2. Description of the Prior Art 
Such a liquid friction coupling is already known from Austrian Patent 
Specification No. 384,086 and the corresponding U.S. Pat. No. 4,844,219, 
the disclosure of which is incorporated herein by reference. In that known 
coupling the width of the gaps between adjacent inner and outer blades can 
be changed to control the slip of the speed of the driven part of the 
coupling because the coupling effect and/or the torque being transmitted 
is approximately inversely proportional to the width of the gap.

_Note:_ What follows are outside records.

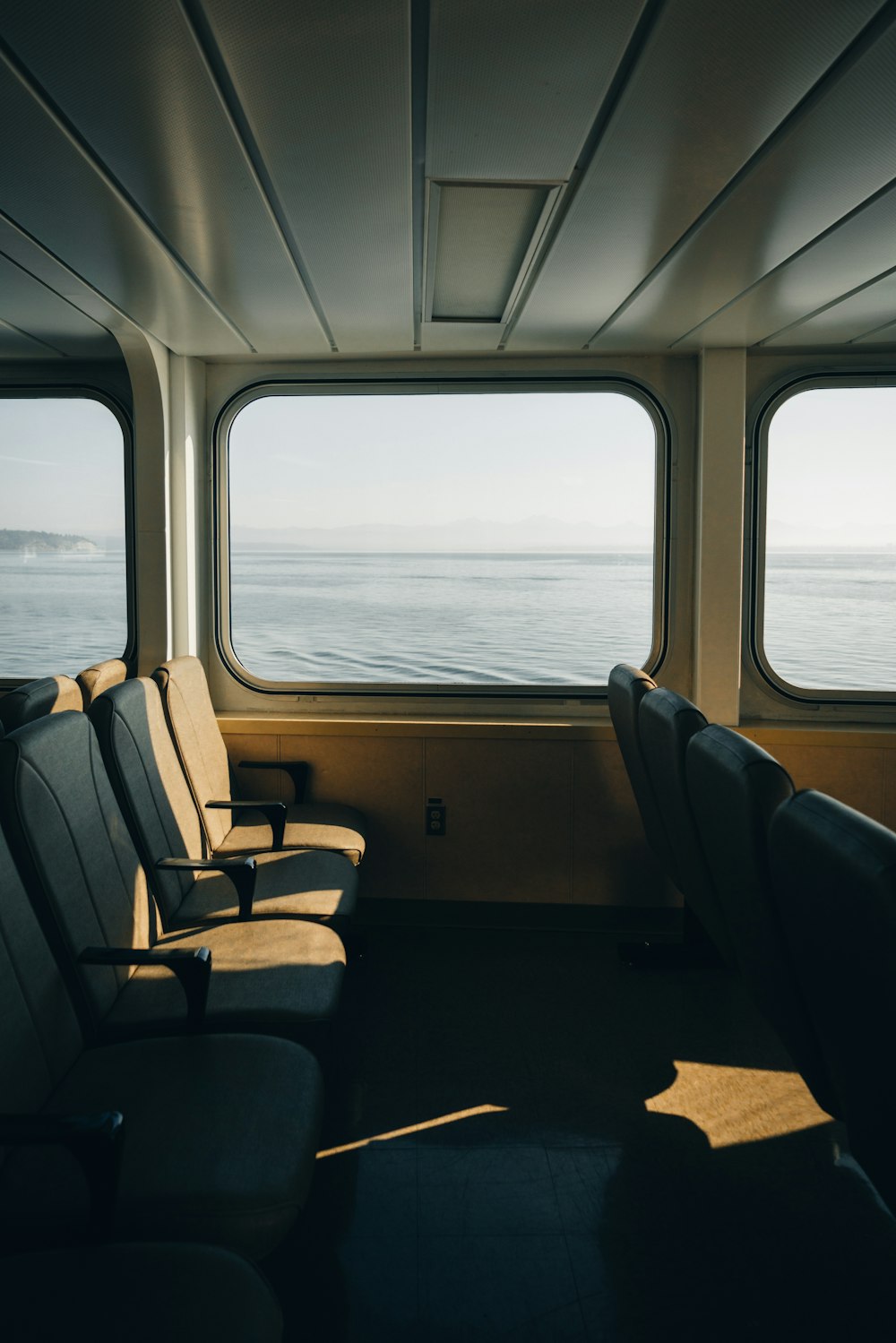 a row of seats sitting on top of a train next to a window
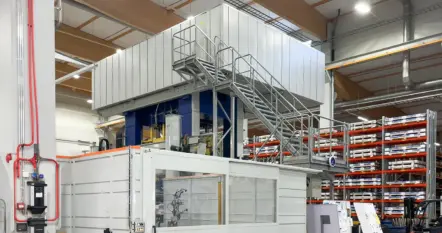 Large deep drawing press with access stairs in the production hall at Meconet’s Äänekoski plant.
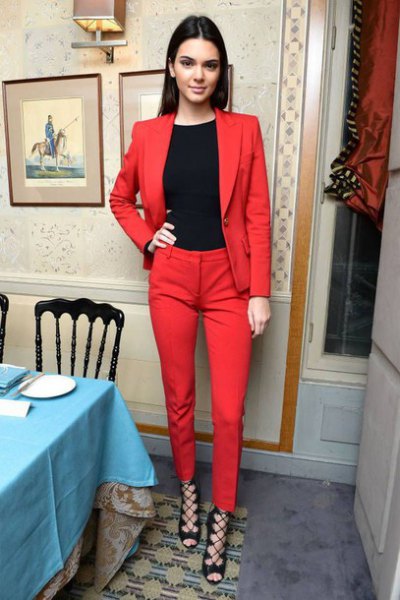 black crew-neck t-shirt, red suit and strappy heels with open toes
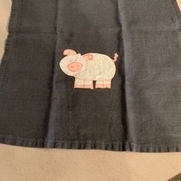 I did a pig on grey linen. First attempt at applique. It was fun.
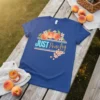 Blue t-shirt with "JUST Peachy" text, featuring a graphic of three peaches and blooming cherry blossoms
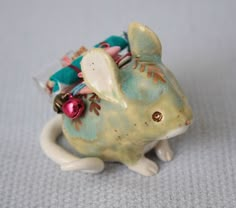 a ceramic mouse figurine with ornaments on its back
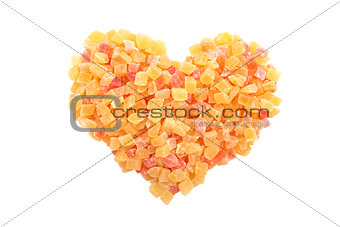 Dried pineapple and papaya in a heart shape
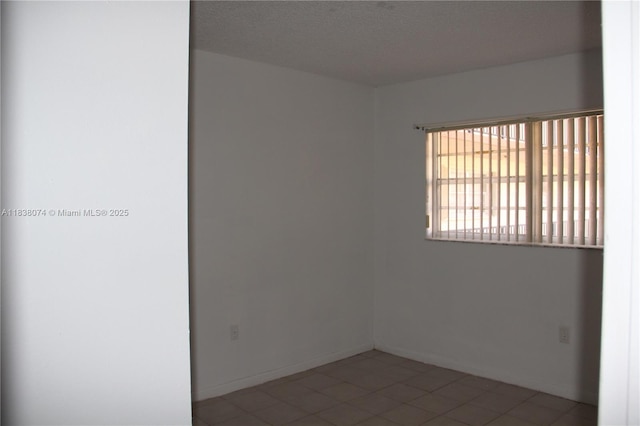 1075 W 68th St Unit 110, Hialeah, FL 33014 - tiled empty room featuring baseboards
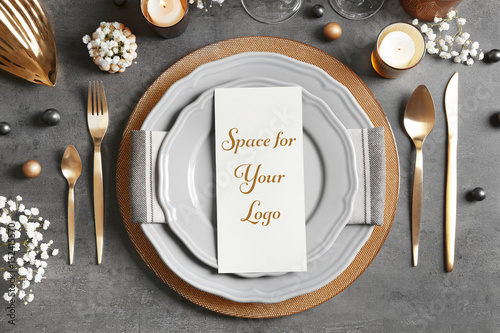 Beautiful table setting on grey background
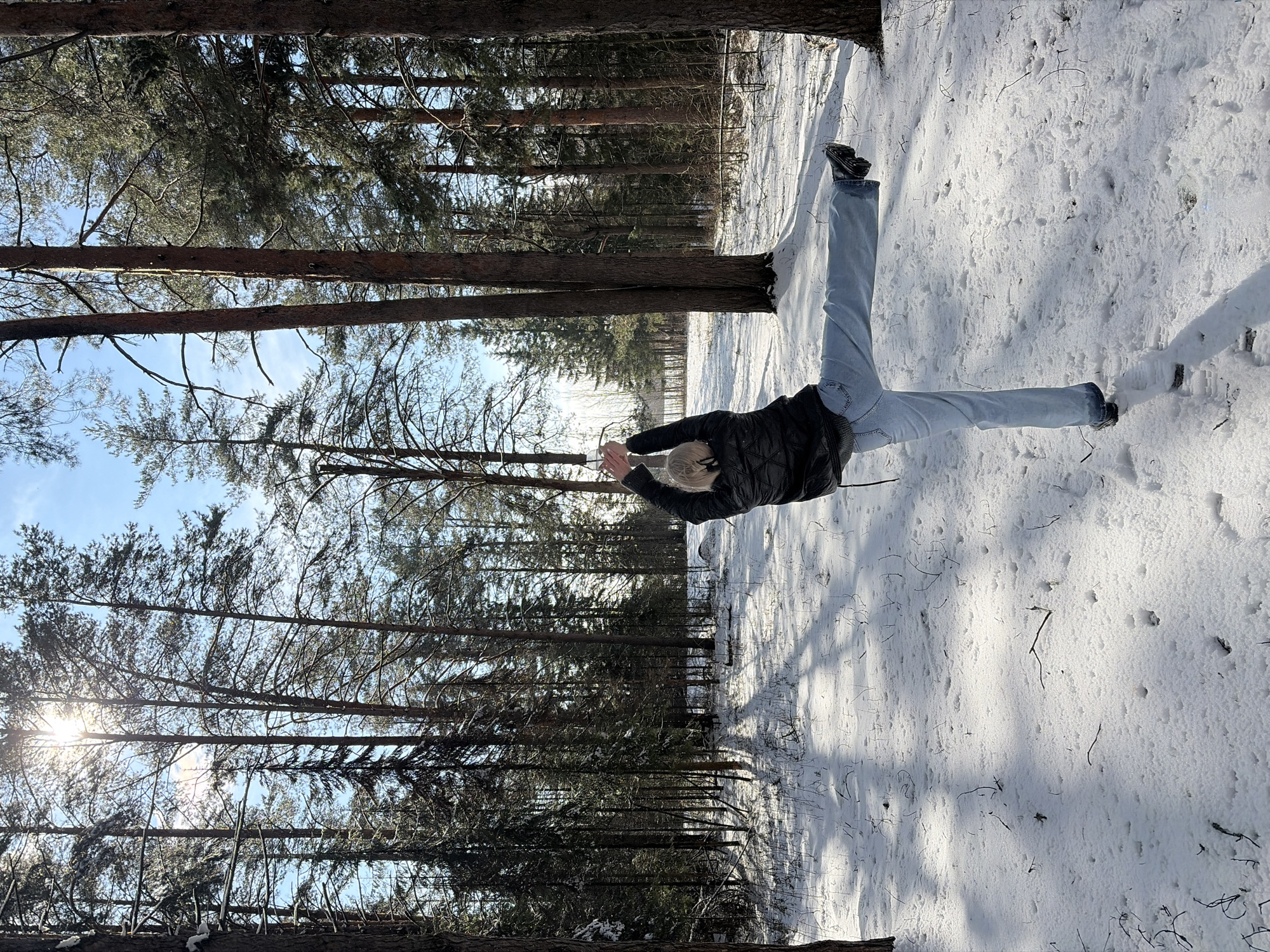 The photograph captures a winter scene in what appears to be a forest or wooded area, potentially near Прикамский, Russia. The ground is covered in snow, and the image is filled with tall, thin trees. A person is performing a split, their legs extended in opposite directions, with their body positioned horizontally. The person is wearing jeans, a black jacket, and dark footwear. The sun is visible through the trees, creating shadows and highlighting the snowy landscape.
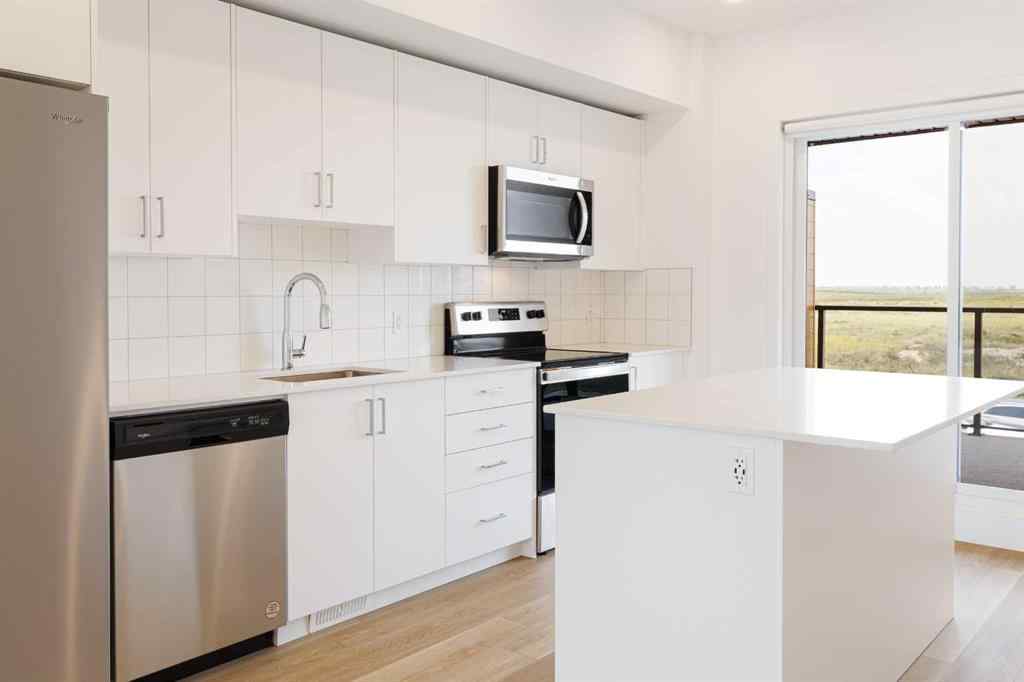 MLS® A2265835 - Unit #409 8535 19 Avenue SE in Belvedere Calgary, Residential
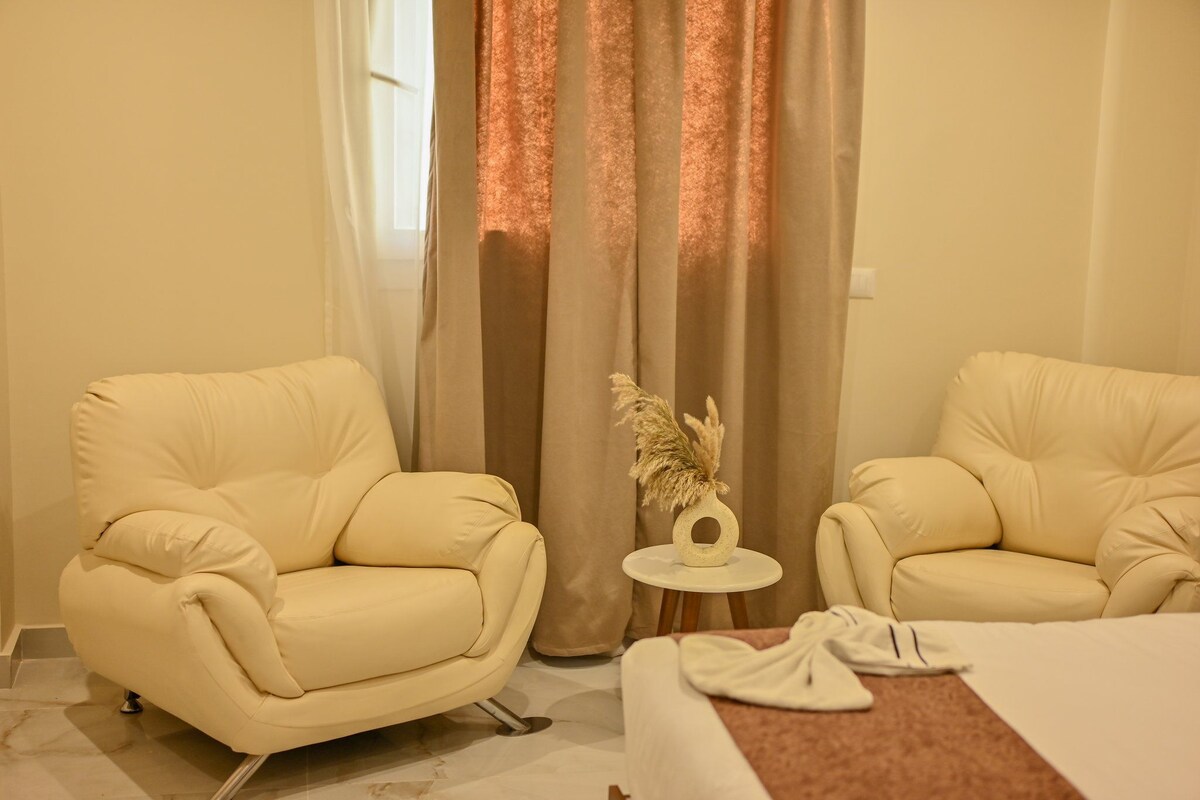 A hotel room with two cream-colored armchairs, a small round table with a decorative item, and a bed with a white comforter.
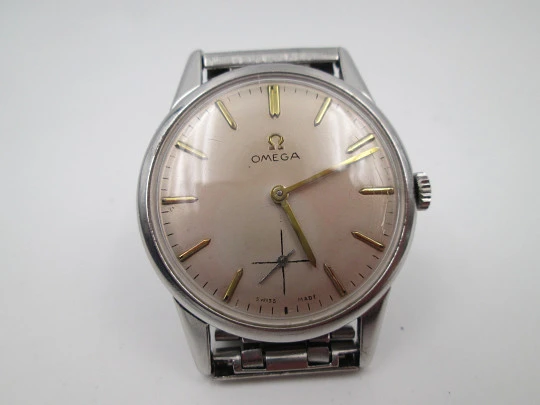 Omega caballero. Acero inoxidable. Cuerda manual. Segundero. Brazalete. 1960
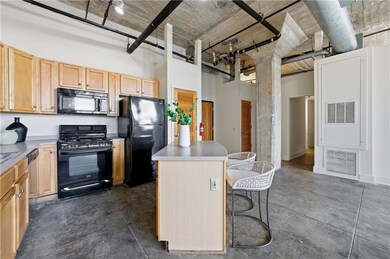 Kitchen with light brown cabinetry, black appliances, a kitchen island, a breakfast bar area, and a towering ceiling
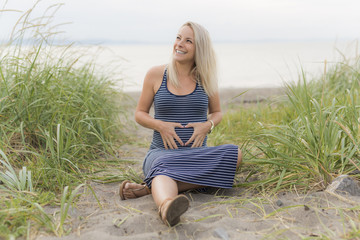 Portrait of a young beautiful blond pregnant woman on the side of the beach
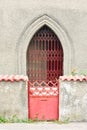 Red front metal gate and the arch of an old building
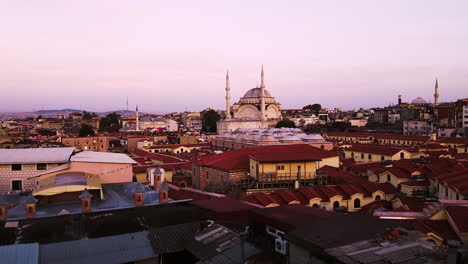 Forward-drone-shot-of-Nuru-Osmaniye-Mosque-with-view-of-roofs-of-buildings-and-cityscape-at-background-during-sunset-in-Istanbul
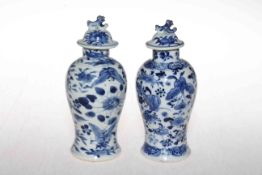 Two small Chinese blue and white baluster vases and covers,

But it 
has been found that the control range is relatively small in practice 
particularly because it has not been taken into account in the known 
proposal that the free space within the housing should be minimized. 
Besides, even when the blade spacing is large the gaps between adjacent 
inner and outer blades will always contain liquid so that torque will 
still be transmitted. For this reason a motor vehicle which has two driven 
axles and is provided with such a coupling often requires additional means 
for interrupting the power train extending between the axles if an 
improved handling of the vehicle is to be ensured during braking. 
SUMMARY OF THE INVENTION 
For this reason it is an object of the invention so to improve the liquid 
friction coupling described first hereinbefore that its control range can 
considerably be increased and even an operation involving no liquid 
friction and no torque transmission at all will be enabled and this can be 
accomplished with very simple means. 
This object is accomplished in accordance with the invention in that the 
volume of the viscous liquid which is contained in the housing equals the 
total volume of the free spaces in the housing outside the outer periphery 
of the inner blades when the piston is in the position which corresponds 
to the largest blade spacing. 
The invention is based on the recognition that during a rotation of the 
liquid friction coupling the centrifugal force acting on the liquid will 
effect a segregation of liquid and air and will cause said liquid to form 
an annular body of liquid, which adjoins the inside peripheral surface of 
the housing. If the total volume of those free spaces which lie in the 
housing outside the outer periphery of the inner blades has the stated 
magnitude relative to the amount of liquid, no liquid will be disposed 
between the inner blades when the piston is in the position which 
corresponds to the largest blade spacing so that no torque can then be 
transmitted. In that case it will obviously be required for a satisfactory 
function that during an inward movement of the piston in order to reduce 
the width of the gaps adjacent inner and outer blades the liquid will be 
compelled to escape into said gaps so that the torque being transmitted 
will increase. In dependence on the dimensions the torque being 
transmitted can be increased to such a magnitude that the two parts of the 
coupling are non-rotatably connected to each other. In order to avoid an 
existance of spaces into which the liquid could escape during an inward 
movement of the annular piston, that piston has at its end facing the 
blades a continuous planar end face which is normal to the axis of the 
coupling. 
If the liquid friction coupling is incorporated in a motor vehicle it will 
be required that the torque being transmitted by the coupling can be 
decreased quickly so that the two driven axles can quickly be disconnected 
in order to ensure a stable handling of the vehicle during a braking 
thereof. 
In the present coupling that effect is ensured during a quick outward 
movement of the piston in the torque-decreasing direction because various 
results are produced by the features of the invention. For instance, the 
fact that the annular body of liquid is free of air will have the result 
that a certain suction will be exerted if the piston is moved as fast as 
possible in the outward direction so that part of the liquid will be 
sucked out of the gaps between adjacent inner and outer blades. At the 
same time the highly compressed air inside the liquid friction coupling 
will force the liquid out of said gaps so that cushions of air will be 
formed between adjacent inner and outer blades. It will be understood that 
the centrifugal force acting on the liquid constitutes an additional 
radially outwardly directed force, by which a complete escape of the 
liquid out of said gaps will be ensured. In that case the widening of said 
gaps will facilitate the flow of liquid out of said gaps and will more 
than proportionately reduce the average local fill factor i.e., the 
quotient of the volume of liquid contained in the region in which adjacent 
inner and outer blades which define a given gap overlap, and the entire 
volume. There is no need to specify the required viscosity of the liquid.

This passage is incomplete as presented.